Meski demikian, keterbatasan peralatan membuat selang yang rusak masih digunakan dalam kondisi tertentu.

Kondisi peralatan tersebut menjadi sorotan karena petugas Damkar bukan hanya bertugas memadamkan kebakaran.

Dalam sejumlah kejadian, Damkar juga kerap membantu warga menangani persoalan yang membutuhkan penanganan cepat.

Mulai dari mengevakuasi ular, melepas cincin yang tersangkut di jari hingga membantu mengambil benda yang terjatuh di lokasi sulit dijangkau.

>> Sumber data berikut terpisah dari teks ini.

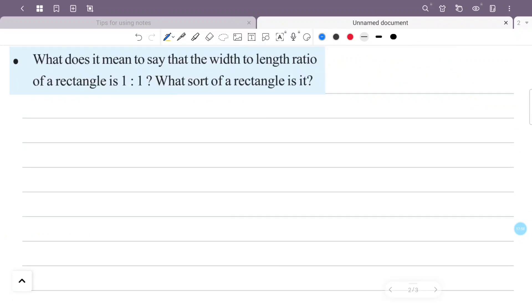What does it mean to say that the width to length ratio of a rectangle is 1 to 1? A rectangle with a width to length ratio of 1 to 1 means the width and length are the same. So it is a square.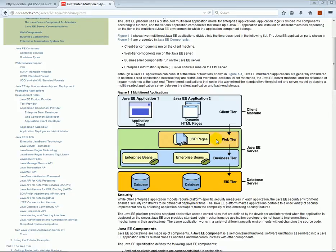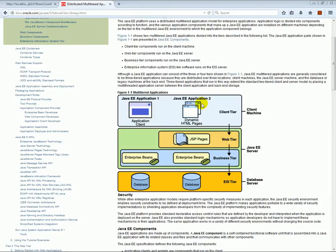This is the web tier — our servlets and JSP — and this represents our users as browsers. Everything here and below is our server, and this blue section represents remote clients' browsers — people from all over the world accessing our application. Here is our web tier on the Java EE server, and below the servlets and JSP we have the Enterprise Java Beans.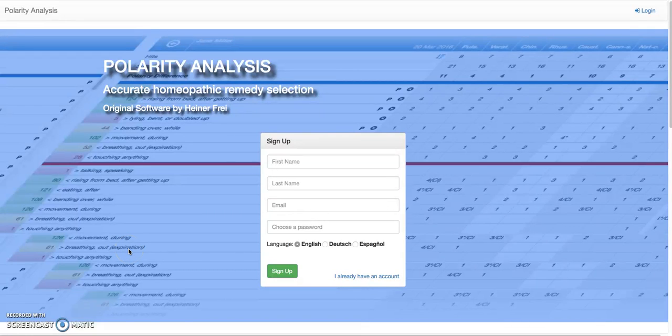Hey there. This is a quick introduction to the Polarity Analysis program. Let's get going.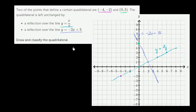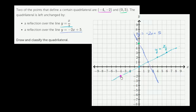Now let's try to draw this quadrilateral. Let's reflect the points we have over the line y is equal to x over 2. The magenta point, negative 4 comma negative 2, is already on that line — it's its own reflection. You could say it's on the mirror.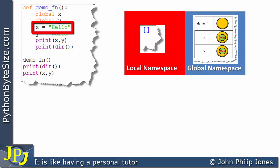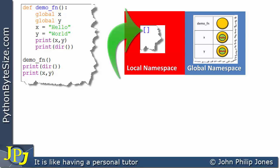This works because code inside a function has access to the global namespace. It's the other way around that's the problem: code in the global area of your program will not have access to the local namespace. In this case the local namespace is empty, because x and y have been moved to the global namespace.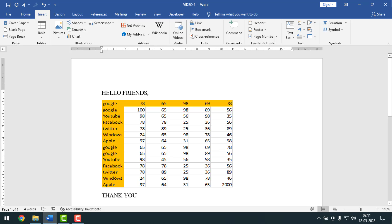Hello friends, welcome back to my YouTube channel AppWalk. Today I'm going to show you how to insert and link an MS Excel sheet in MS Word. Sometimes we need to import an Excel sheet into Word and also need to change some data — in that case you can use these tips and tricks. To learn how to insert, link, and edit an MS Excel sheet in MS Word, please watch the whole video.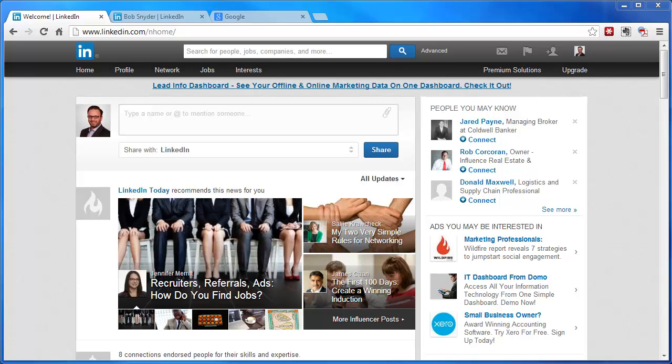Hello everyone, this is John Child. Today I'd like to show you how you can create your custom LinkedIn URL or web address.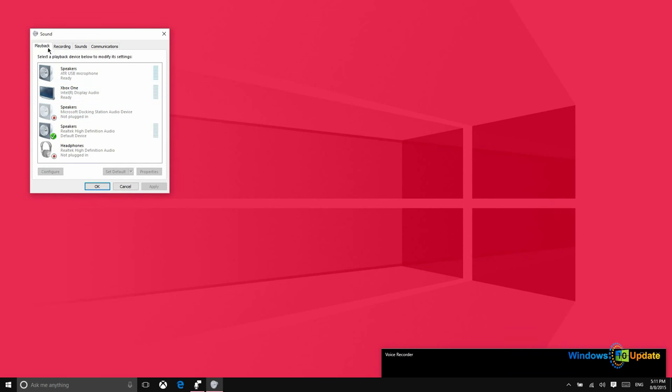By default, you'll land on the playback tab. This controls the speakers, the sound output. You can manually select any of the outputs that you see here. When you find the one that you want to use, go ahead and select it and then say set default.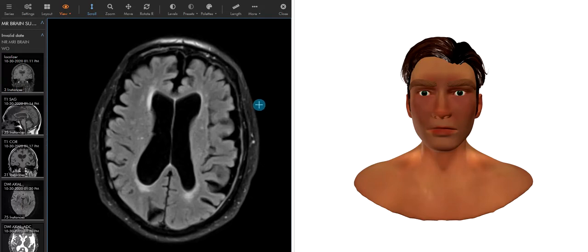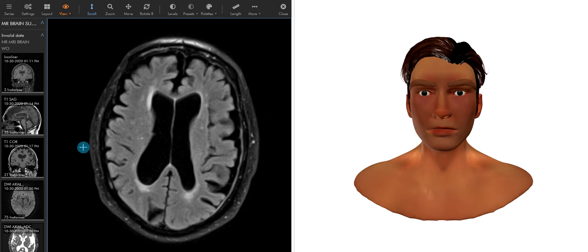Hello, let's take a look at your brain MRI. So it's my understanding that you had a recent fall and now you're having some headaches, and you had this MRI performed of your brain. This is your study here on the left side of the screen, and this is a model on the right side of the screen I'm going to use to orient you to how we're looking.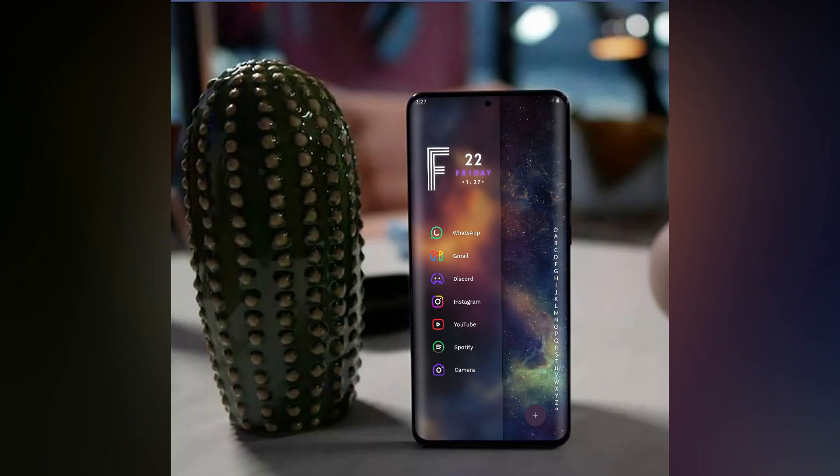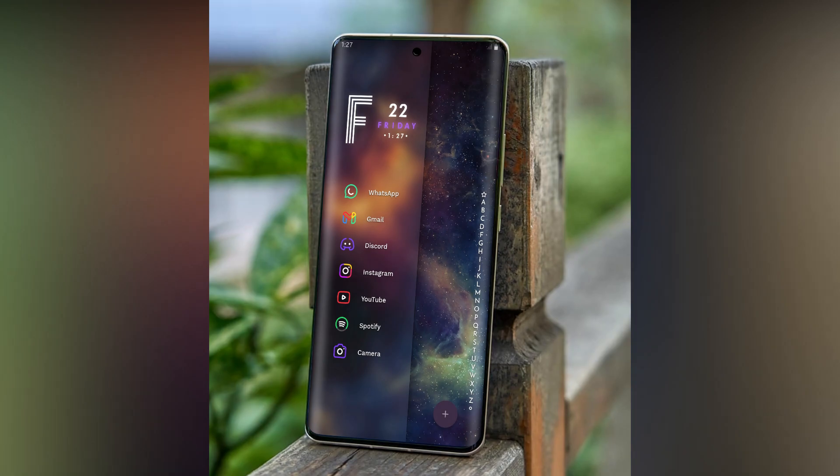Hey everyone, Quantum here. And I am back for another setup. Want a setup like this? Stay with me.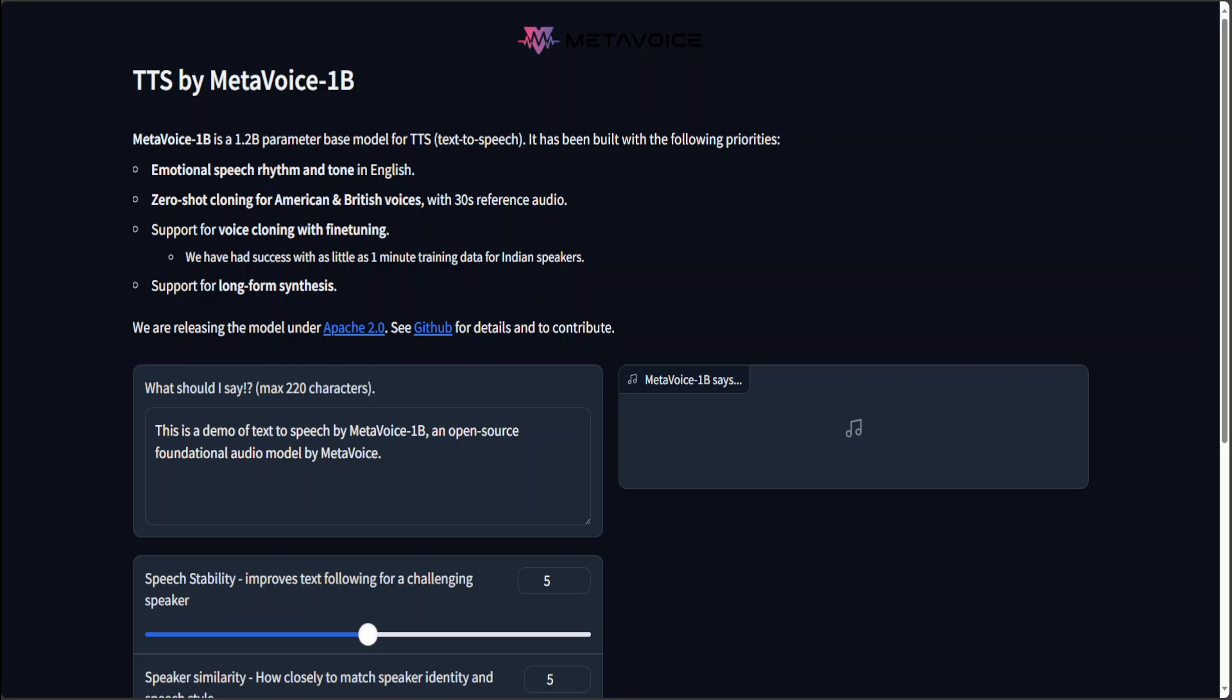Hello guys, in this video I am going to show you yet another fantastic model from META. This model is called META Voice 1 Billion Parameter. This is a TTS model, TTS stands for text to speech.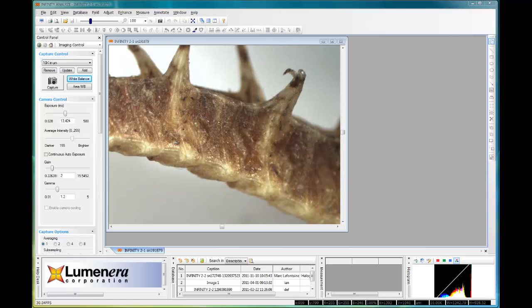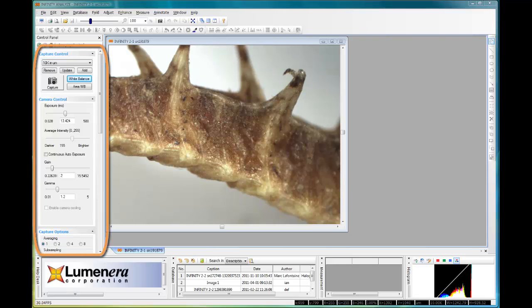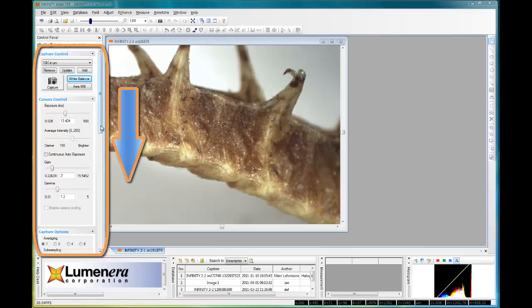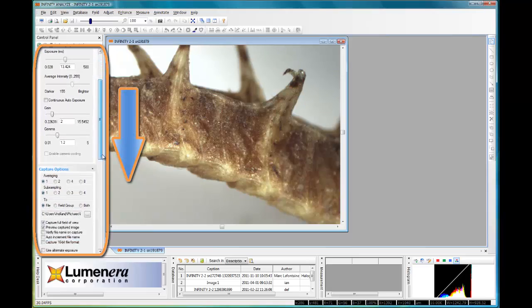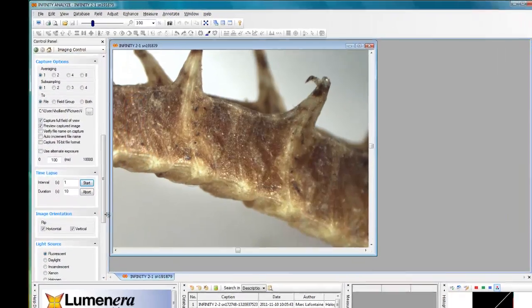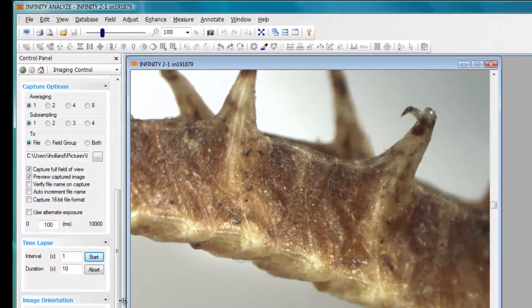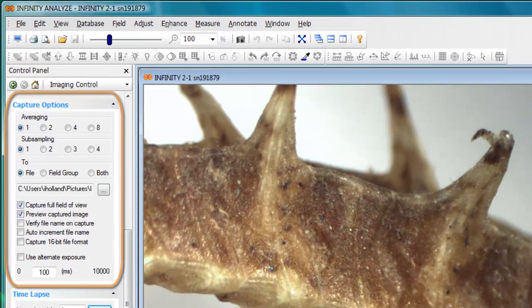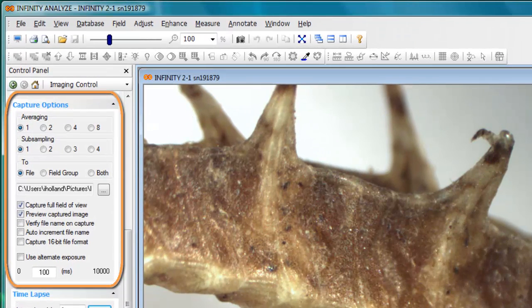Capturing images is a fundamental feature of the Infinity Analyze application. We'll begin by looking at the functions provided on the capture options pane on the left side of the screen.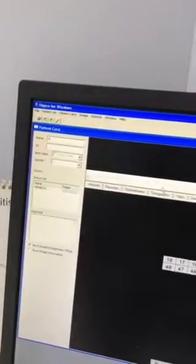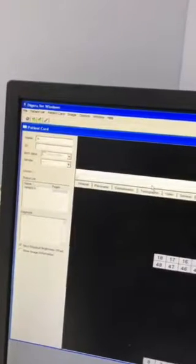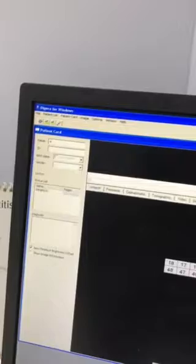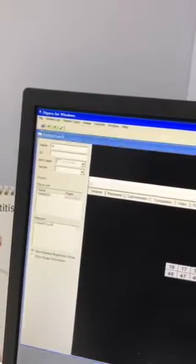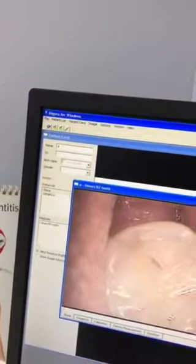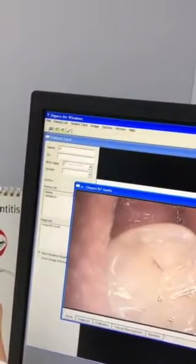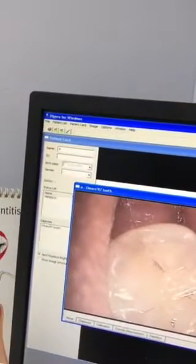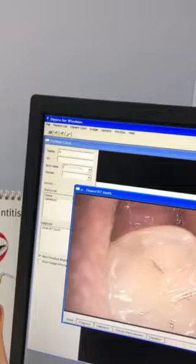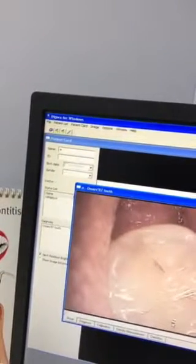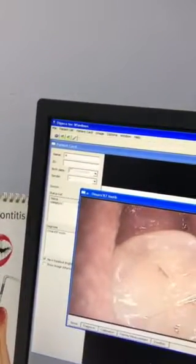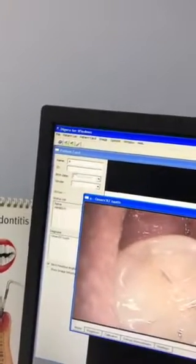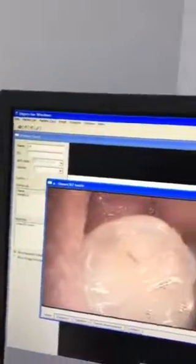The other thing we can do at the practice is take intraoral photos — essentially a photo inside the mouth. This magnifies and shows exactly what's going on, allowing not only the dentist to have a close-up view of the area, but also enabling the patient to understand what's happening with their treatment.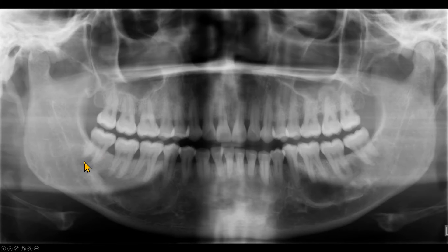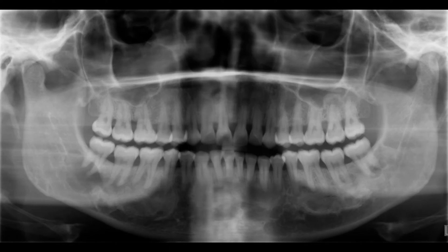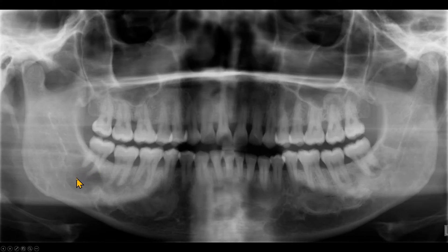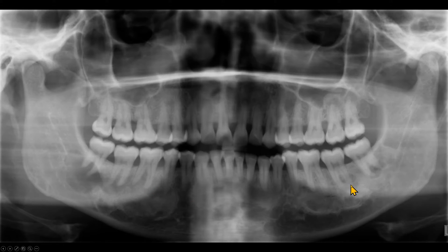One year later, the lesion with the mandibular right third molar is much larger and mostly radiolucent — so this is stage one of the cementoosseous dysplasia for that area. The molar regions have started to show increased radiopacities, probably in stage two or stage three.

Warga Belopa, Muhammad Salim, mengaku miris melihat kondisi perlengkapan yang digunakan petugas Damkar Luwu.

Menurutnya, keselamatan petugas harus menjadi perhatian karena mereka bekerja langsung menghadapi situasi berbahaya.

“Terutama yang berhubungan dengan keselamatan personel di lapangan saat memadamkan api, ini fatal kalau dianggap sepele,” kata Salim.

Ia berharap pemerintah daerah melakukan peremajaan terhadap perlengkapan yang digunakan petugas Damkar.

“Kita tahu kalau Damkar kini mendapat perhatian dan apresiasi atas kinerjanya di lapangan. Dan itu terbukti berdasarkan kepuasan masyarakat Indonesia yang dengan mudah dilihat dari medsos,” ujarnya, Jumat (11/9/2026) sore.

Menurut Salim, petugas Damkar dikenal memiliki respons cepat ketika warga membutuhkan bantuan.

Bantuan tersebut juga diberikan untuk berbagai persoalan di luar penanganan kebakaran.

Salah satunya dirasakan warga Perumahan Sagena, Kecamatan Belopa Utara, Faiz.

Ia mengaku pernah meminta bantuan Damkar untuk mengatasi saluran pembuangan air di rumahnya yang mampet.

“Alhamdulillah, saluran air di rumah sudah lancar. Terima kasih banyak untuk petugas Damkar yang sudah datang dan bantu dengan cepat,” ungkapnya.

Ia mengatakan, saluran air di rumahnya sudah tidak berfungsi normal selama sekitar satu tahun.

Faiz sempat bingung mencari pihak yang dapat membantu mengatasi persoalan tersebut hingga akhirnya menghubungi Damkar.

“Saya telepon Damkar karena saya tahu mereka sering bantu warga, dan yang paling saya salut, mereka datang tanpa pernah meminta imbalan apa pun. Itu yang bikin kami sebagai warga merasa sangat terbantu dan dihargai,” bebernya.